But I also want to use my software in a modular way, my own setup, not bounded by one application, with a certain amount of CPU, memory needed, or with some features it has (not)...
With Ladish I can build my own DAW with Lv2rack, non-daw, non-mixer, zynaddsubfx etc. This is just great!
I would once again non-violently point out that building your own DAW suggests that you are doing pretty specific music. Because it is extremely difficult to find what a regular DAW, say, Ableton Live or FL Studio cannot do for a regular musician. In fact, just out of curiosity, I would love to hear what exactly any known IME cannot do for you.
Modular approach here is for many reasons, but my opinion has not changed - I strongly believe that modular approach is flexible, but its flexibility is really needed only for a very specific, rare setup. For people who do normal music I think there were many occasions when they just wanted it to work in an IME way. The whole argument of saying that modular approach is so flexible is a bit weird to me. What kind of music requires so much flexibility?

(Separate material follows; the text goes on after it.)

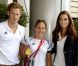 Kate Middleton et le prince Harry en visite au Team GB au village olympique le 9 août 2012 lors des JO de Londres.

Understand me correctly. I am inspired by the modularity in itself. I just do not see why it is so important. I maybe wrong and miss the obvious. I would love to hear how musicians here use the modular approach and in what way its flexibility allows to do something a good solid IME of the pro class cannot do.
I mean, the community of musicians on Linux is much smaller than the community of musicians on proprietary systems. But somehow the modular approach does not appear there in a way it appeared on Linux. And somehow everyone manages with those Abletons and Cubases and FL Studios. See what I mean?